//- 💫 DOCS > USAGE > LINGUISTIC FEATURES > TOKENIZATION

p
    |  Tokenization is the task of splitting a text into meaningful segments,
    |  called #[em tokens].  The input to the tokenizer is a unicode text, and
    |  the output is a #[+api("doc") #[code Doc]] object. To construct a
    |  #[code Doc] object, you need a #[+api("vocab") #[code Vocab]] instance,
    |  a sequence of #[code word] strings, and optionally a sequence of
    |  #[code spaces] booleans, which allow you to maintain alignment of the
    |  tokens into the original string.

include ../_spacy-101/_tokenization

+h(4, "101-data") Tokenizer data

p
    |  #[strong Global] and #[strong language-specific] tokenizer data is
    |  supplied via the language data in
    |  #[+src(gh("spaCy", "spacy/lang")) #[code spacy/lang]].
    |  The tokenizer exceptions define special cases like "don't" in English,
    |  which needs to be split into two tokens: #[code {ORTH: "do"}] and
    |  #[code {ORTH: "n't", LEMMA: "not"}]. The prefixes, suffixes and infixes
    |  mosty define punctuation rules – for example, when to split off periods
    |  (at the end of a sentence), and when to leave token containing periods
    |  intact (abbreviations like "U.S.").

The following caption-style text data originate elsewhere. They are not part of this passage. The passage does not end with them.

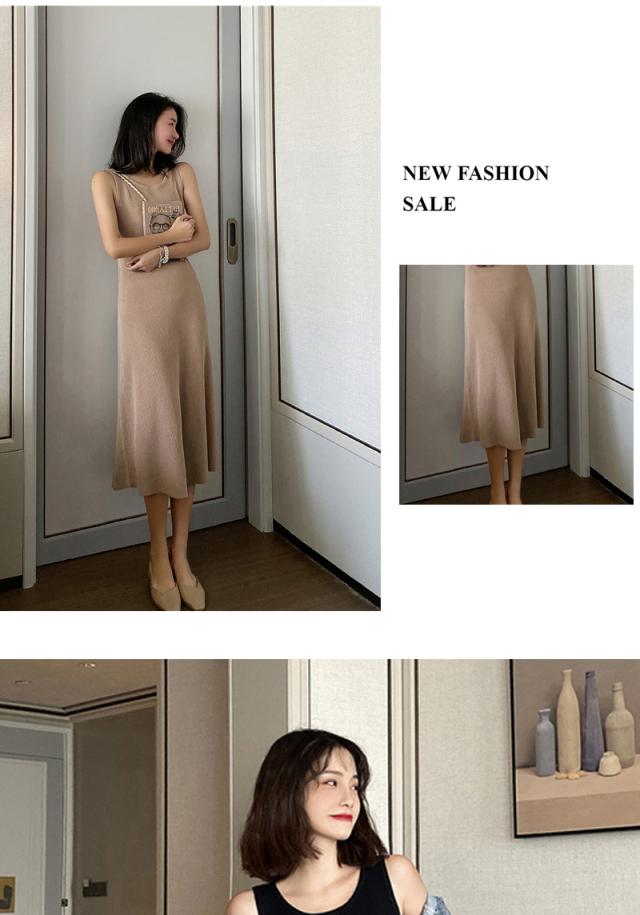 ワンピース トップス 膝丈 ひざ丈 膝上 袖なし ノースリーブ 襟なし A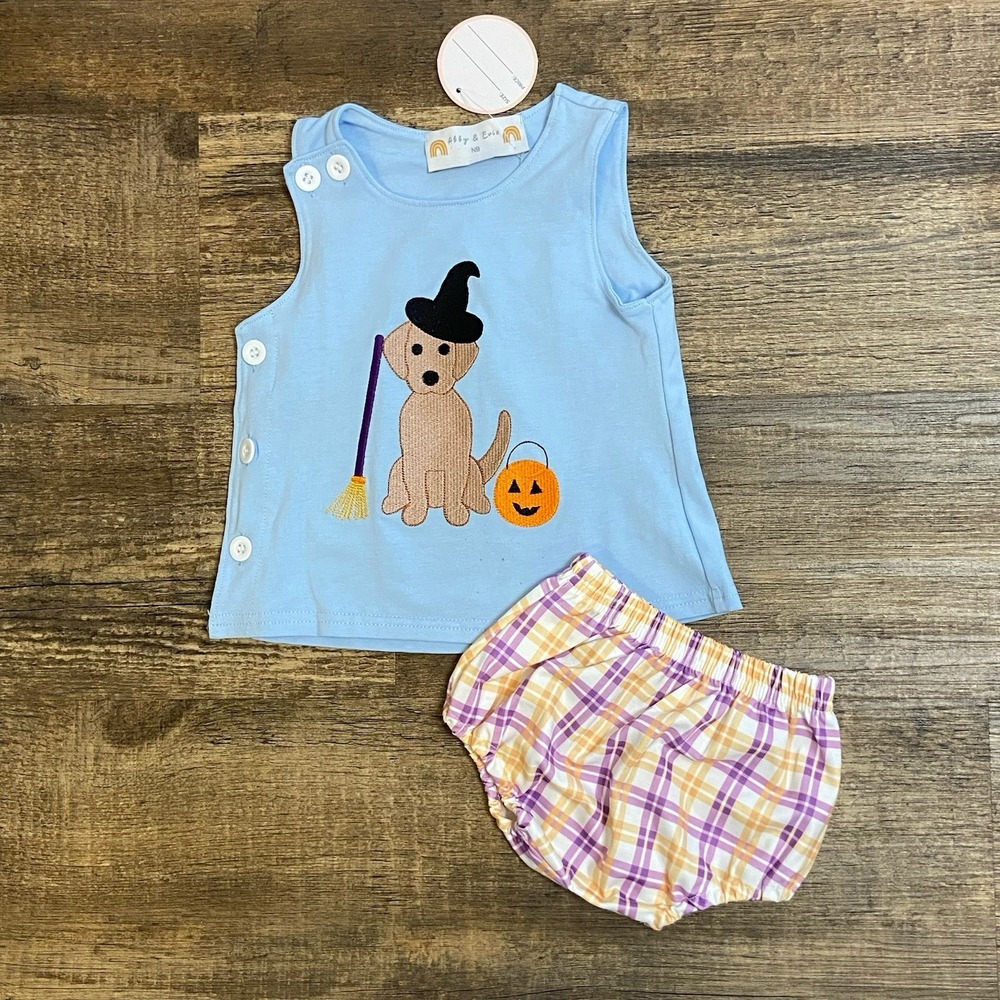 Halloween Pumpkin Puppy Outfit Set Boy's Newborn First Patch Fall Photo Shoot - Picture 3 of 10
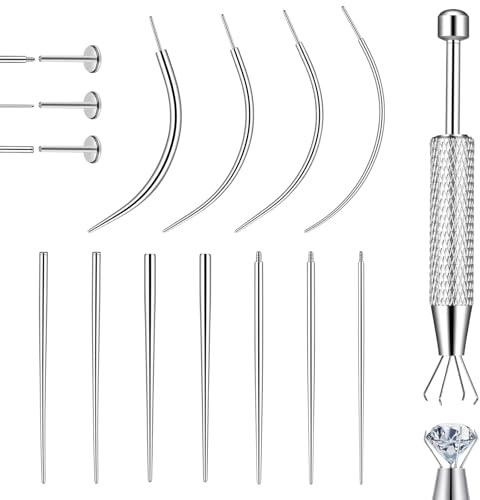 12 Stück 16G 18G 20G Piercing Taper Einführhilfe, Piercing Nadel Zange Set | Chirurgenstahl, Piercing wechselhilfe Kit, zum Gewindelosen Einschieben, Von Tragus, Helix, Lippe, Nase Knorpel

+graphic("/assets/img/language_data.svg")
    include ../../assets/img/language_data.svg

+infobox
    |  For more details on the language-specific data, see the
    |  usage guide on #[+a("/usage/adding-languages") adding languages].

+h(3, "special-cases") Adding special case tokenization rules

p
    |  Most domains have at least some idiosyncrasies that require custom
    |  tokenization rules. This could be very certain expressions, or
    |  abbreviations only used in this specific field.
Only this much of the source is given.